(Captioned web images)
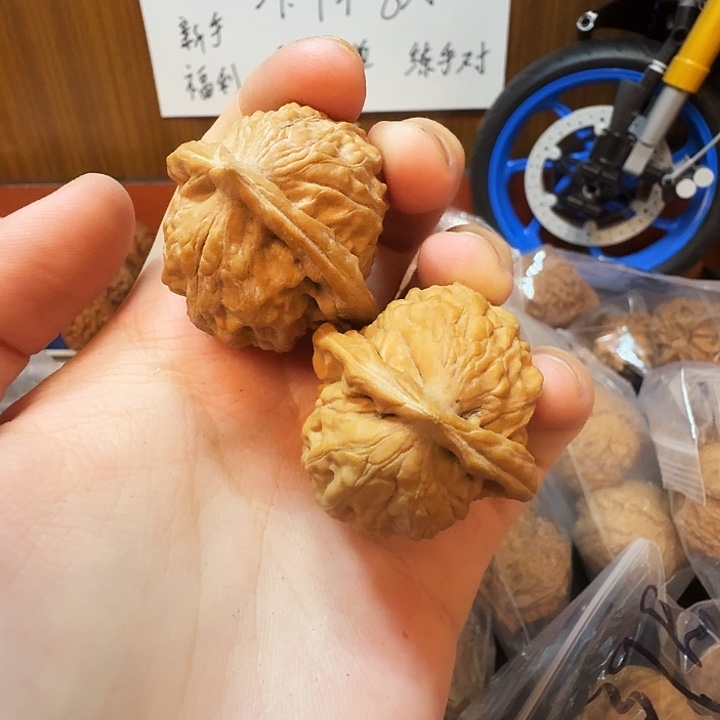 吊坠桃核36尺大红袍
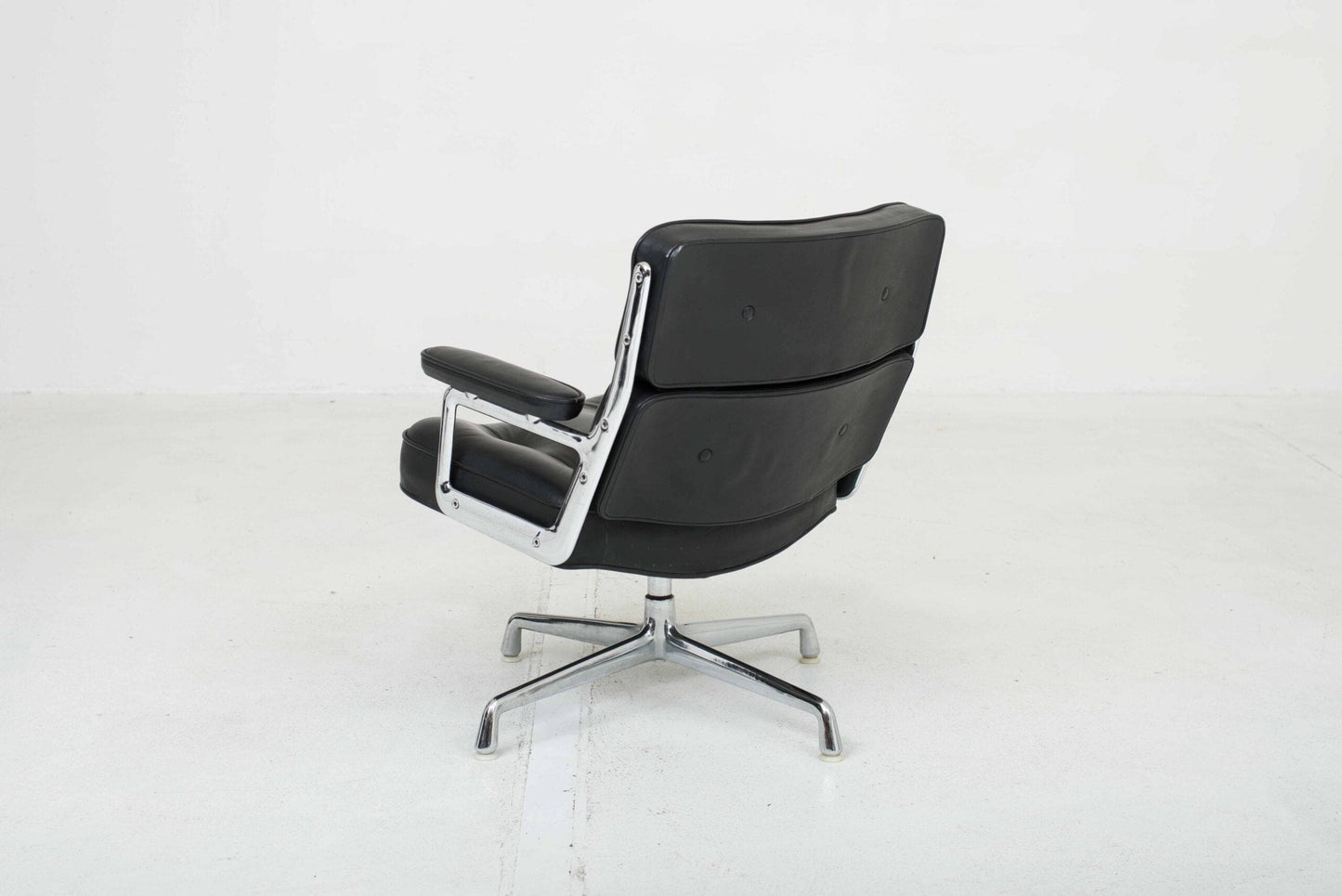 Chaise de lobby Vitra ES 105 par Charles et Ray Eames Vintage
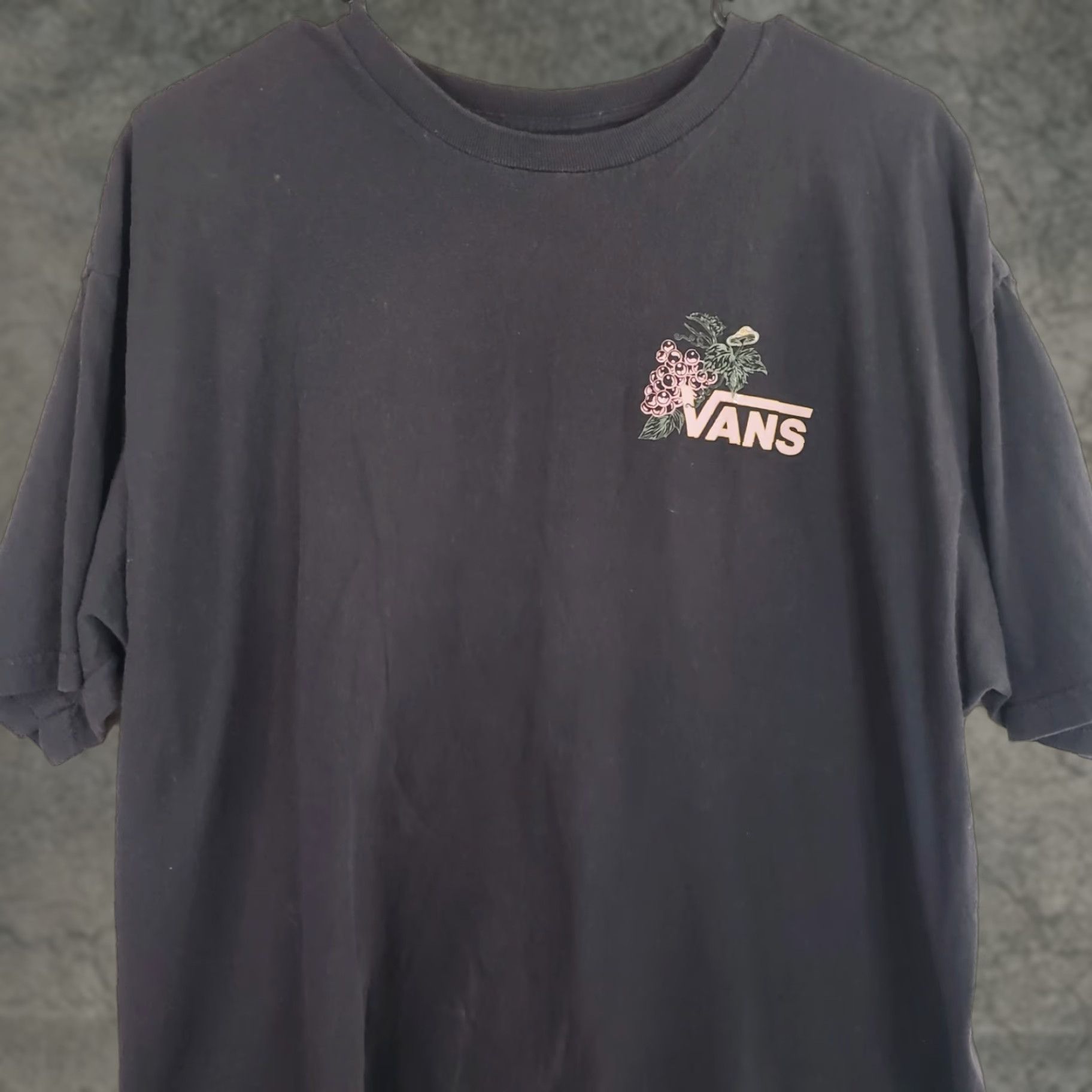 Vans VANS Off The Wall T-shirt Black XL Flowers Grapes Graphic Unisex Adults Crew Short Sleeve Jersey Cotton Pullover Casual Size XL / US 12-14 / IT 48-50 - 1 Thumbnail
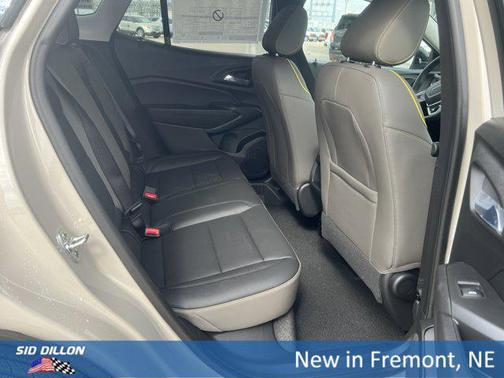 White Sands 2026 Chevrolet Trax FWD ACTIV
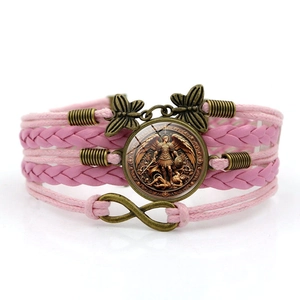 Détail du bracelet multicouche Saint Michel avec symbole infini et décorations papillon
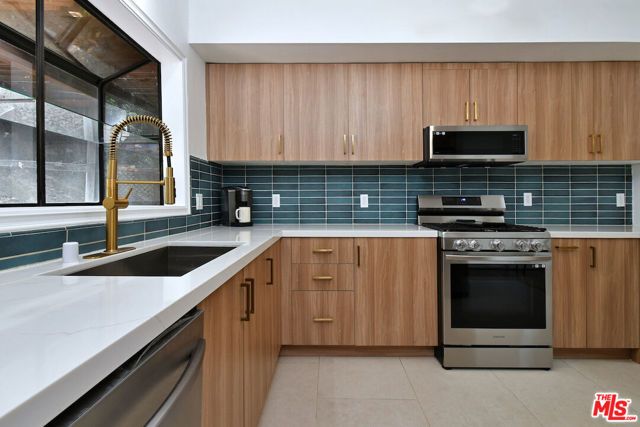 15170 Encanto Drive, Sherman Oaks, CA 91403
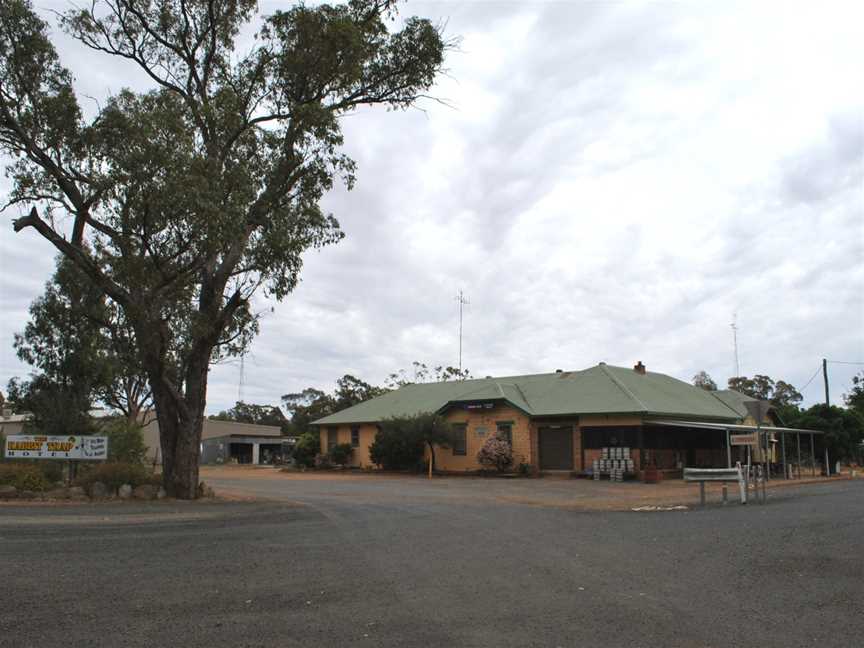 Albert Rabbit Trap Hotel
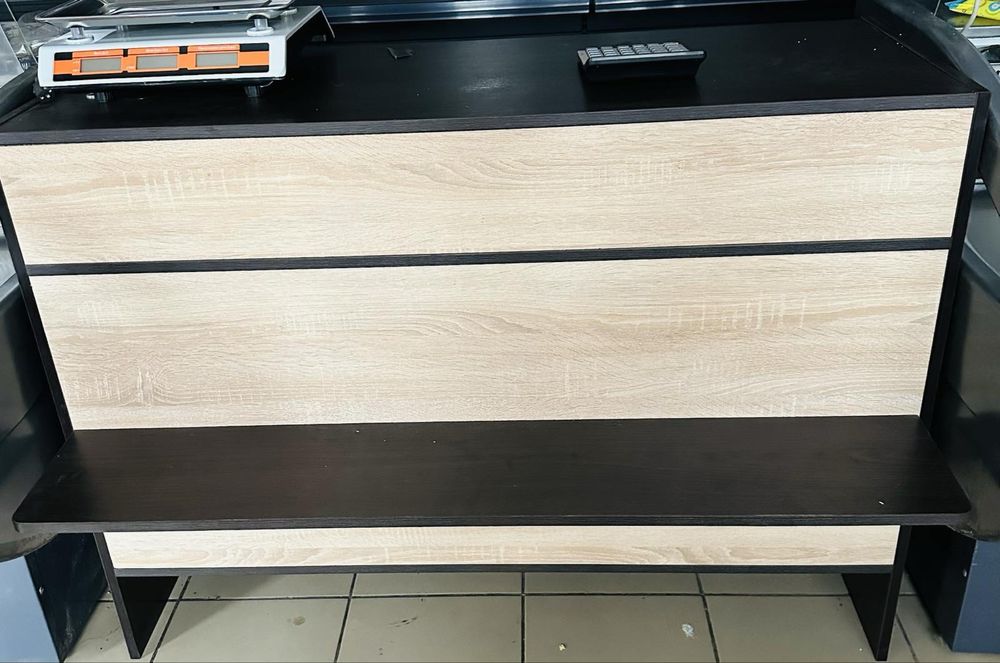 Продам комплект касовий стол і вітрину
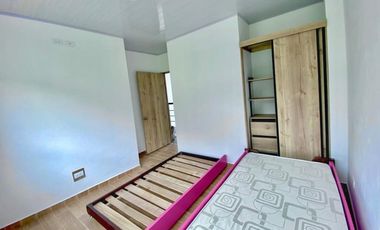 Maat vende Casa conjunto-Villeta 93m2 $450Millones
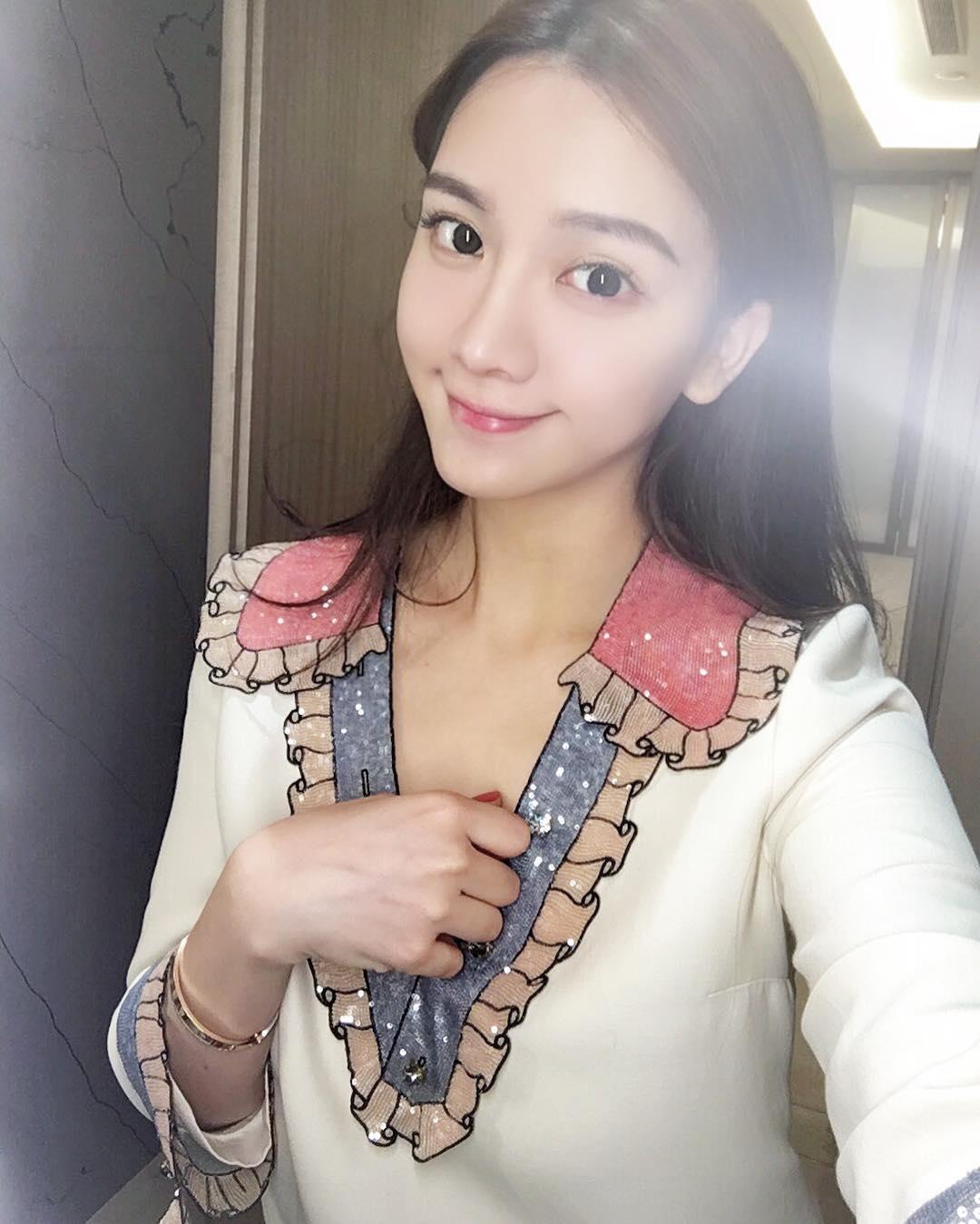 时尚气质美女ZY大暖私房照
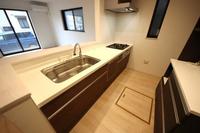 キッチン:広々した使い勝手の良いキッチン。床下収納ございます！
料理の時間も楽しいひと時になるのではないでしょうか。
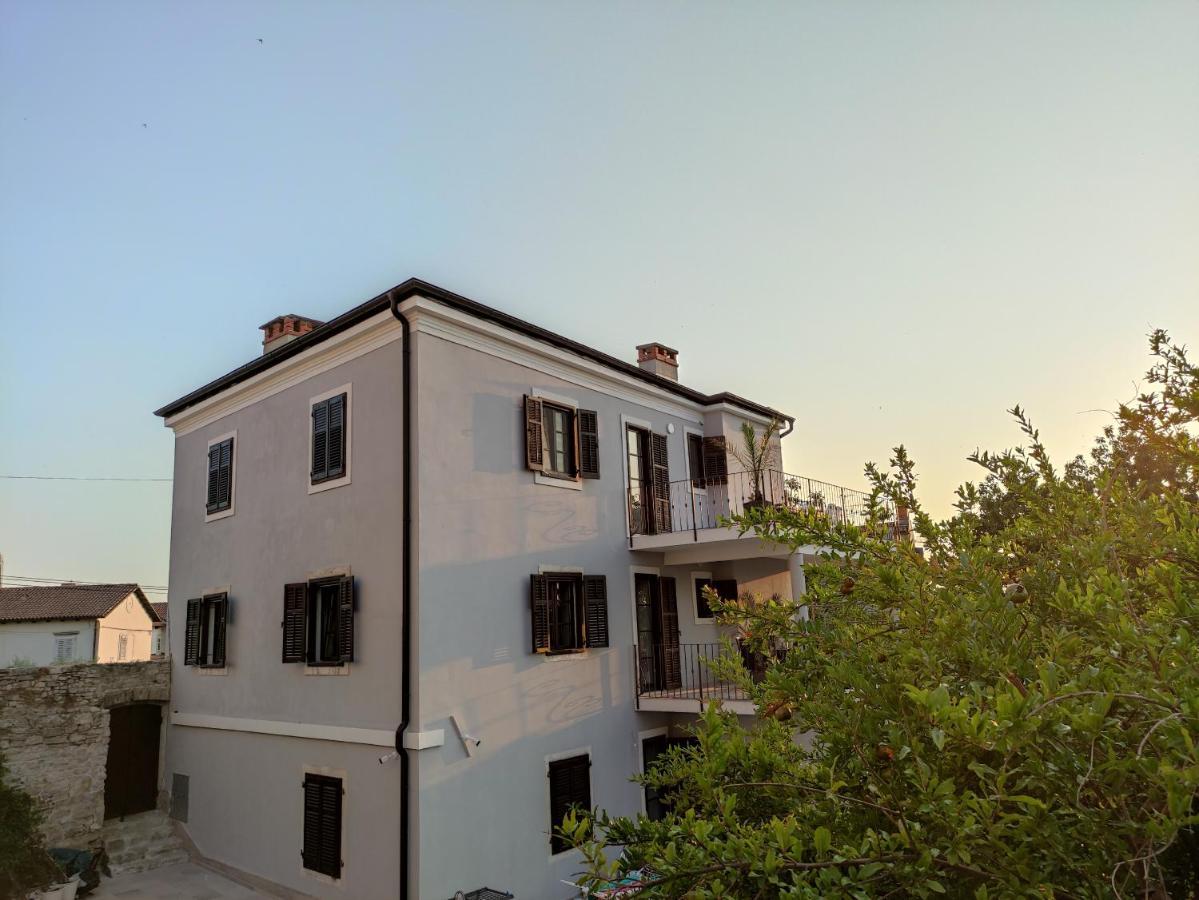 Apartvilla Castropola Eksteriør billede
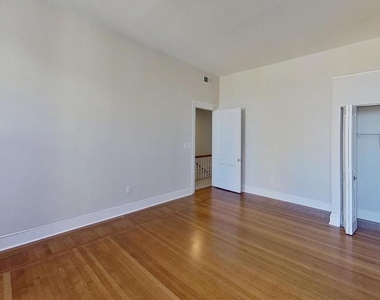 10 Chase Street E - Photo Thumbnail 46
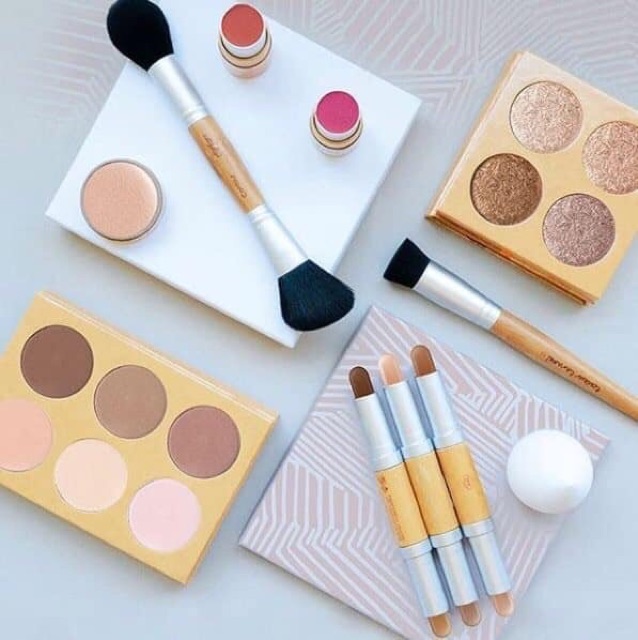 Tạo khối highlight mỹ phẩm hữu cơ Couleur Caramel | BigBuy360 - bigbuy360.vn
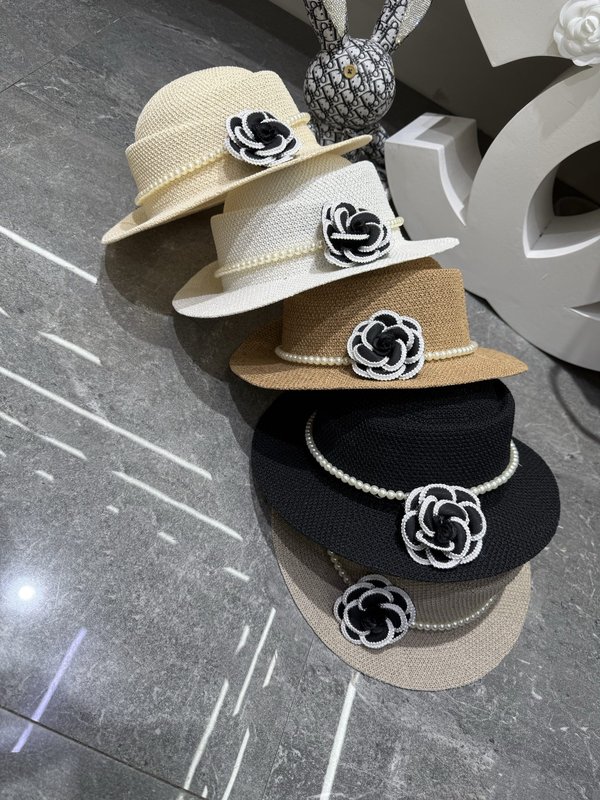 샤넬 카멜리아 플랫 캡 001-265982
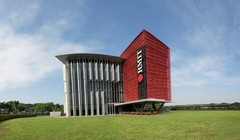 Tòa nhà giảng đường  2 của Đại học RMIT Việt Nam được đưa vào sử dụng năm 2013, cùng với việc khai trương cơ sở đào tạo Nam Sài Gòn.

TRY IT:
All of the entries above are to be duplicated exactly, with every image left out.

SOLUTION TO THIS PROBLEM:
 吊坠桃核36尺大红袍
 Chaise de lobby Vitra ES 105 par Charles et Ray Eames Vintage
 Vans VANS Off The Wall T-shirt Black XL Flowers Grapes Graphic Unisex Adults Crew Short Sleeve Jersey Cotton Pullover Casual Size XL / US 12-14 / IT 48-50 - 1 Thumbnail
 White Sands 2026 Chevrolet Trax FWD ACTIV
 Détail du bracelet multicouche Saint Michel avec symbole infini et décorations papillon
 15170 Encanto Drive, Sherman Oaks, CA 91403
 Albert Rabbit Trap Hotel
 Продам комплект касовий стол і вітрину
 Maat vende Casa conjunto-Villeta 93m2 $450Millones
 时尚气质美女ZY大暖私房照
 キッチン:広々した使い勝手の良いキッチン。床下収納ございます！
料理の時間も楽しいひと時になるのではないでしょうか。
 Apartvilla Castropola Eksteriør billede
 10 Chase Street E - Photo Thumbnail 46
 Tạo khối highlight mỹ phẩm hữu cơ Couleur Caramel | BigBuy360 - bigbuy360.vn
 샤넬 카멜리아 플랫 캡 001-265982
 Tòa nhà giảng đường  2 của Đại học RMIT Việt Nam được đưa vào sử dụng năm 2013, cùng với việc khai trương cơ sở đào tạo Nam Sài Gòn.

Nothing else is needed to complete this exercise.